Yes, that's what I meant. He made a conscious decision to
mix up two encodings (read his message. 'If I want Unicode characters
in file names, I'd just use UTF-8' or something like that), for which
he has to pay whatever price he has to pay. If Perl offers a set of
options as I outlined in my previous message, he has to be careful when
opening files in different directories. For some directories, he has to
use one option while for other directories, he has to use another option.
You're making a mistake of binding locale and encoding.
I'm not-- many UNIX vendors do, and I have to with that fact. If Linux
and glibc are doing the Right Thing, that's marvelous, but not all the
world is Linux and glibc.
I never implied that, let alone saying that. (I always prefer to say
Unix in place of Linux. To me, Linux is just one of many Unix) And,
please check out recent commercial Unix.

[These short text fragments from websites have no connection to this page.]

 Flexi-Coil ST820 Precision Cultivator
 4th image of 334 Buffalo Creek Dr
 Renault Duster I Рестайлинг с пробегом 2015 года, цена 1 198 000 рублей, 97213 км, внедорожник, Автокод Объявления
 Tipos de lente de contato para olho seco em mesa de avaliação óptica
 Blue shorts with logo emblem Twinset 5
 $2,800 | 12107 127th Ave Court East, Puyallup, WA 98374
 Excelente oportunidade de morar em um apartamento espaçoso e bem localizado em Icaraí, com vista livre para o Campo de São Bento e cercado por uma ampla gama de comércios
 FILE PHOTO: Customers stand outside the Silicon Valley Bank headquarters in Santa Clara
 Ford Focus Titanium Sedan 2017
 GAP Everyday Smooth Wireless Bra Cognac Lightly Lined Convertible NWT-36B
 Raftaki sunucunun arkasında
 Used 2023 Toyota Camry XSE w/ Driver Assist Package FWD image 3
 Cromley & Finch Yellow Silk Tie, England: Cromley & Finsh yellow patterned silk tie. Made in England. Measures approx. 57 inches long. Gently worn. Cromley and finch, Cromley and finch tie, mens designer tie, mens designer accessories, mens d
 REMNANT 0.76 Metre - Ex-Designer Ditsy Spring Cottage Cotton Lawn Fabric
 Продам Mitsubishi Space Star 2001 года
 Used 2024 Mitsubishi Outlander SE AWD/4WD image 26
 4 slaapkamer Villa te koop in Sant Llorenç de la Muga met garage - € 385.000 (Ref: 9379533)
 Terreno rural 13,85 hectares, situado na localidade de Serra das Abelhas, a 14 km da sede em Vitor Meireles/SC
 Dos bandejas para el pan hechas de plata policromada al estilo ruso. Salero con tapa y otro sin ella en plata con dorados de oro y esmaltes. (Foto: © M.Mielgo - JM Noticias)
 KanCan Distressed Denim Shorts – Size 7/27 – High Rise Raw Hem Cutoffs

They DO offer UTF-8 locales as I
wrote above (Solaris and AIX had offered solid UTF-8 locales years before
Linux/Glibc did - actually, when Linux/Glibc 1.x has almost __zero__
locale support, UTF-8 or not). Whether they're installed by the system
admin. is a different story. Anyway, exactly because of the unavailability
of UTF-8 locales for whatever reason, we've been discussing this issue
(to convert Perl's internal Unicode to and from the 'native' encoding
in file I/O.).
The fact that it is on Unix is just an artifact of Unix file system
Not quite. UNIX doesn't care. In traditional UNIX filenames are just
bytes.
You're absolutely right. I didn't mean to say 'file system' there
as I corrected in my subsequent email.
PLEASE, PEOPLE: stop thinking of this in terms of an environment
controlled solely by one user.
Before writing that, please read the man page of 'smbmount' and
'mount' if Linux system is available to you. They're not environment
variables.
Please read my sentence again to see that I had no "variable" in it :-)
Just environment.
OK. Sorry for misreading it. Anyway, Perl can't help resolve that problem.
It can only offer a set of flexible options (as I listed in 'a few
messages ago') that help people solve the problem for themselves.
Jungshik
[1] SGI Irix seems to lag behind in this area. FreeBSD was slow, but
seems to have done a catch-up recently.